** Opening DATA PROVIDED block **

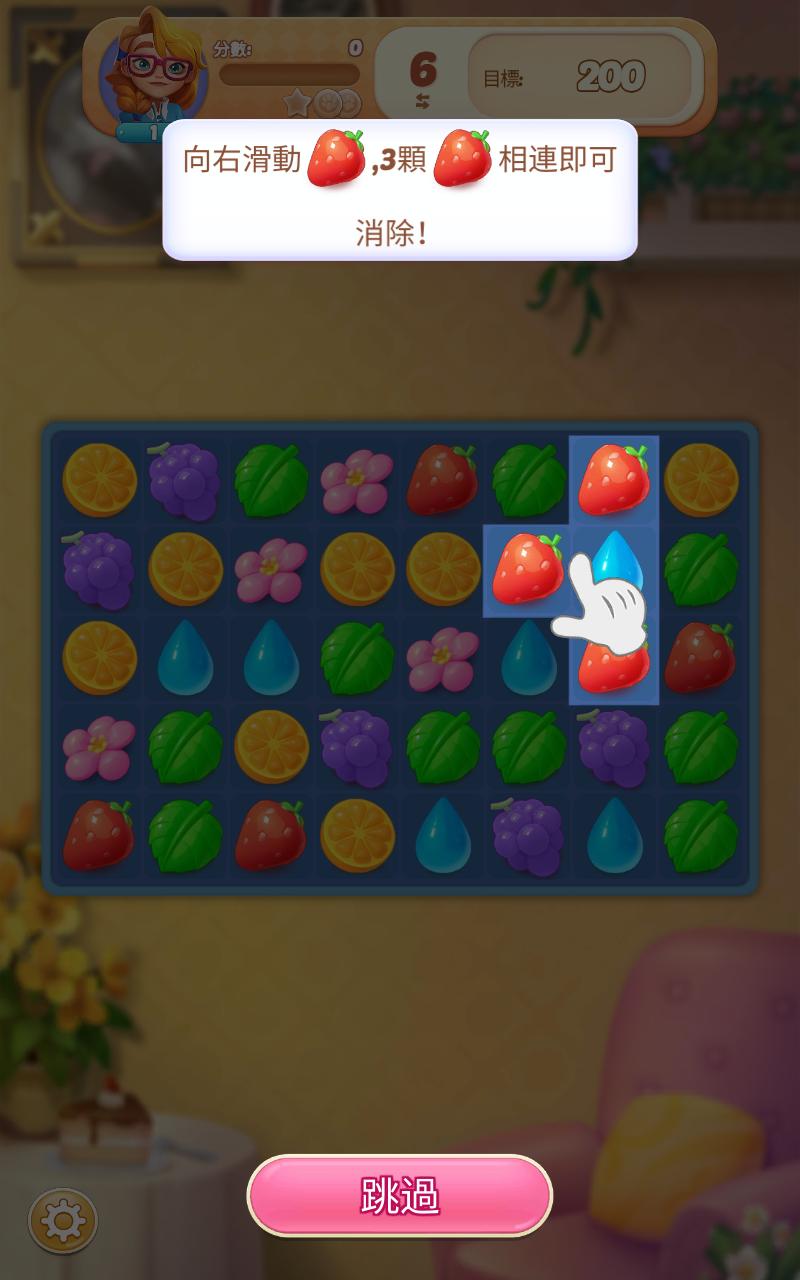 Bella Villa(贝拉别墅手游) 0.1.765最新版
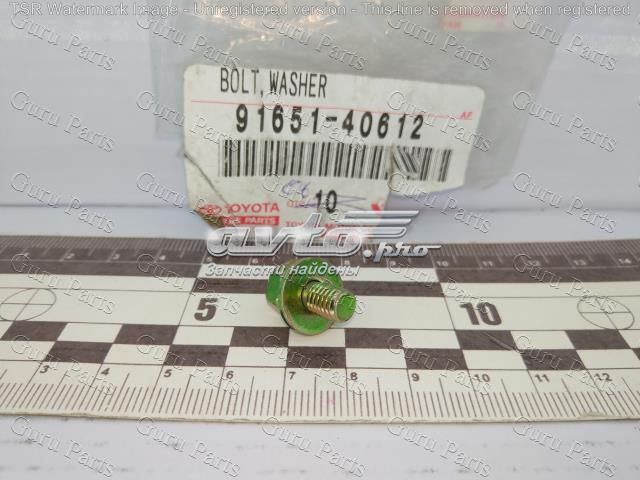 9165140612 TOYOTA купить в Запорожье
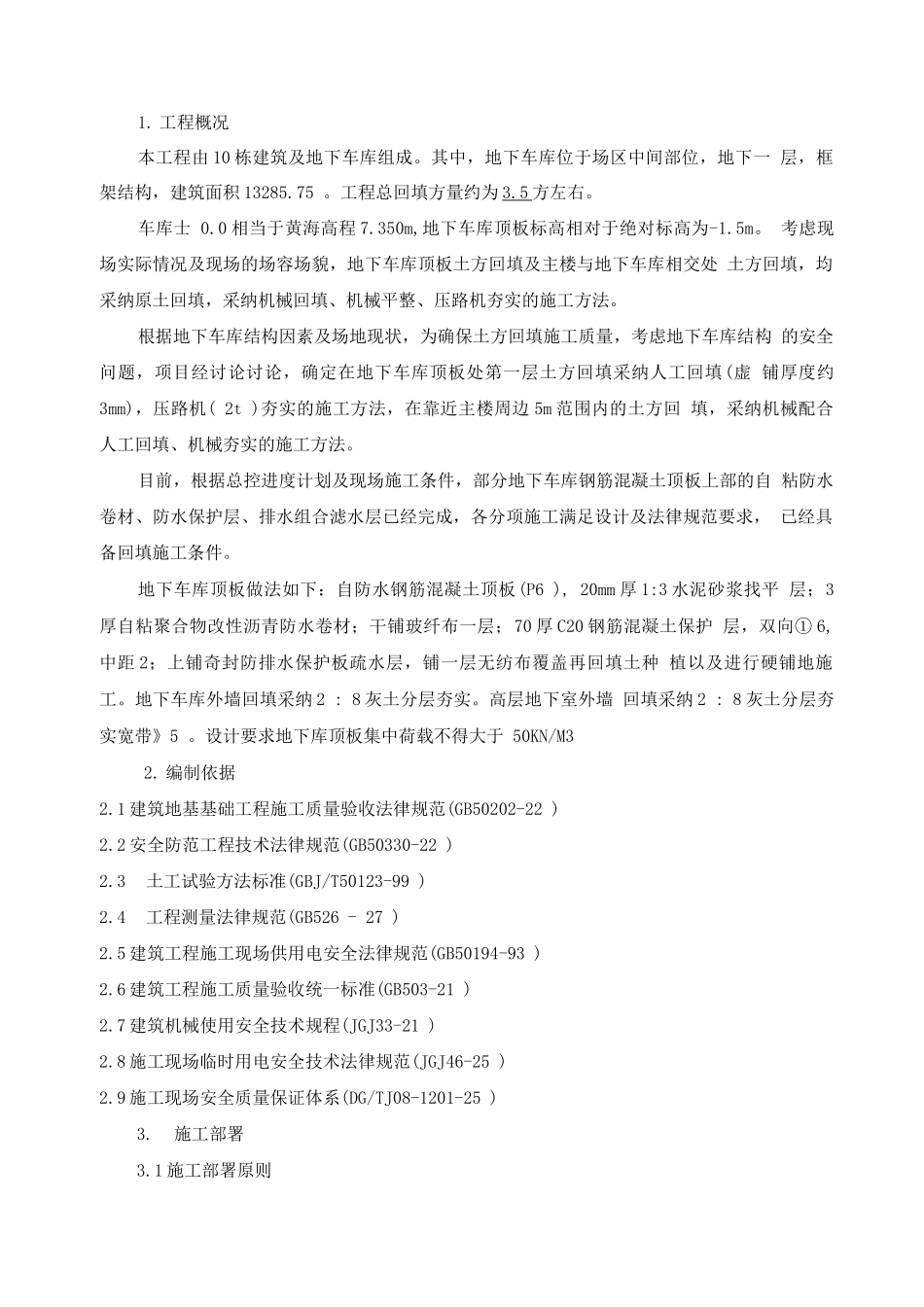 地下车库土方回填方案_第2页
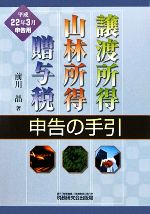 ֥å ŷԾŹ㤨֡š Ͻӽ£Ϳǿμ ʿ22ǯ3ѡۡפβǤʤ100ߤˤʤޤ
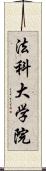 法科大学院 Scroll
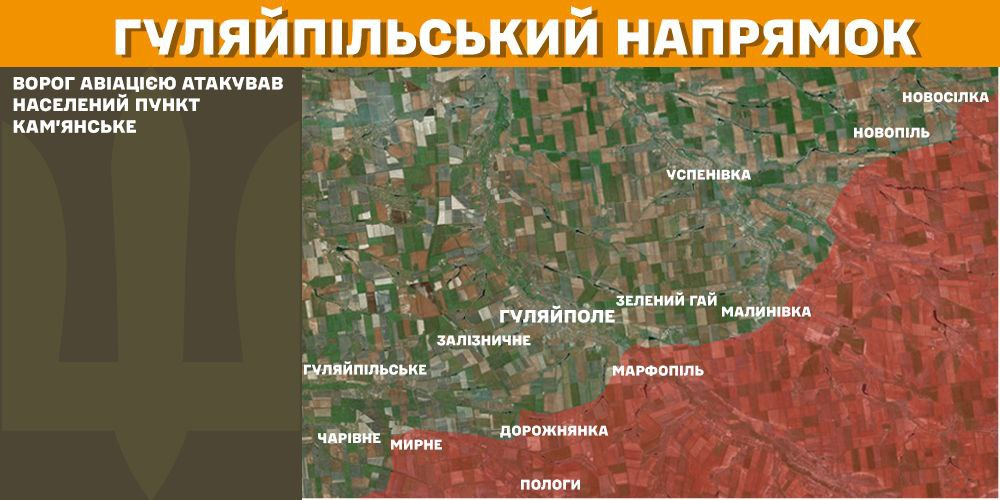 Генштаб: на фронті сталося 116 боєзіткнень, українські військові ліквідували 1250 окупантів - 9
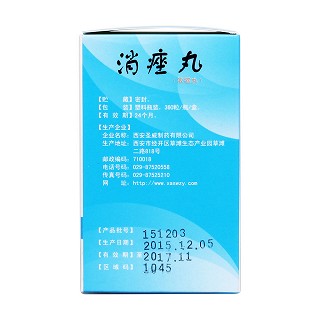 消痤丸(360s)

** Closing DATA PROVIDED block **

__ASSIGNMENT__:
All that is required is an exact reproduction of the lines from the one containing "地下车库土方回填方案_第2页" to the final line of the listing above, pictures omitted.

__ANSWER SPACE__:
 地下车库土方回填方案_第2页
 ֥å ŷԾŹ㤨֡š Ͻӽ£Ϳǿμ ʿ22ǯ3ѡۡפβǤʤ100ߤˤʤޤ
 法科大学院 Scroll
 Генштаб: на фронті сталося 116 боєзіткнень, українські військові ліквідували 1250 окупантів - 9
 消痤丸(360s)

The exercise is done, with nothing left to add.